Pojedynek pomiędzy Grand Budapest Hotel, a Birdmanem Akademia rozstrzygnęła na korzyść tego drugiego, przy czym obydwa filmy dostały po cztery Oscary, więc generalnie można powiedzieć, że starano się wydać salomonowy wyrok. Osobiście wolałbym, aby to Grand Budapest dostał statuetkę za najlepszy film, ponieważ nagrodzenie go jedynie w kategoriach technicznych (scenografia, charakteryzacja, kostiumy), jest jednak moim zdaniem nie do końca sprawiedliwe. Z drugiej strony chętnie zobaczyłbym nagrody w rękach aktorów grających w Birdmanie, ponieważ Michael Keaton i Edward Norton stworzyli tu niesamowity klimat i zbudowali charakter filmu.
Nie sposób też nie wspomnieć o naszym krajowym sukcesie :). Ida Pawła Pawlikowskiego, jak już pewnie wszyscy wiemy – otrzymała nagrodę za najlepszy film nieanglojęzyczny i powiem, że gdy to usłyszałem, to mimo tego, że wiadomo było od dawna, że mamy realne szanse na zwycięstwo, to jednak emocje podniosły mnie lekko z fotela :). Gratulacje jakie na pewno dzisiaj ze wszystkich stron spływają w do twórców filmu są jak najbardziej uzasadnione i ja też się do nich dołączam. Na osobną pochwałę zasługuje samo wystąpienie Pawła Pawlikowskiego, który nie ukrywał szczęścia i okrasił swoje podziękowania humorem i fajnymi emocjami, za co dostał od zebranej na sali widowni, naprawdę szczerą owację. Moją uwagę przykuła też – jak zawsze perfekcyjna – Nikole Kidman wręczająca naszemu reżyserowi statuetkę ;).

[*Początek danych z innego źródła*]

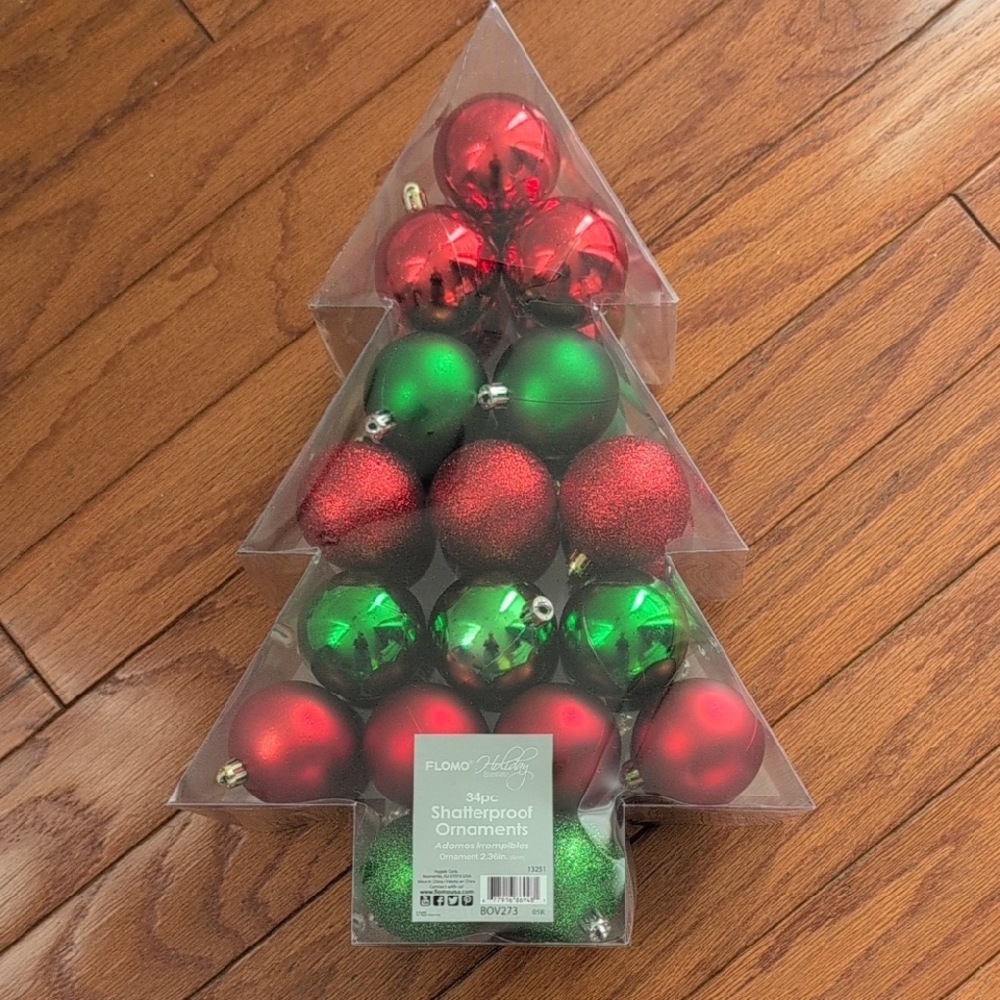 Festive Red and Green Shatterproof Ornaments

Patrząc z perspektywy na filmowy świat 2014 roku jestem pod dużym wrażeniem. Mieliśmy możliwość podziwiać wiele doskonałych obrazów, z których część na pewno przejdzie do klasyki (co tak naprawdę nie zdarza się co roku). Wydaje mi się też, że ogólnie 87. ceremonia wręczenia Oscarów całkiem trafnie ten miniony rok podsumowała, co w przypadku kilku poprzednich edycji, nie było do końca takie oczywiste.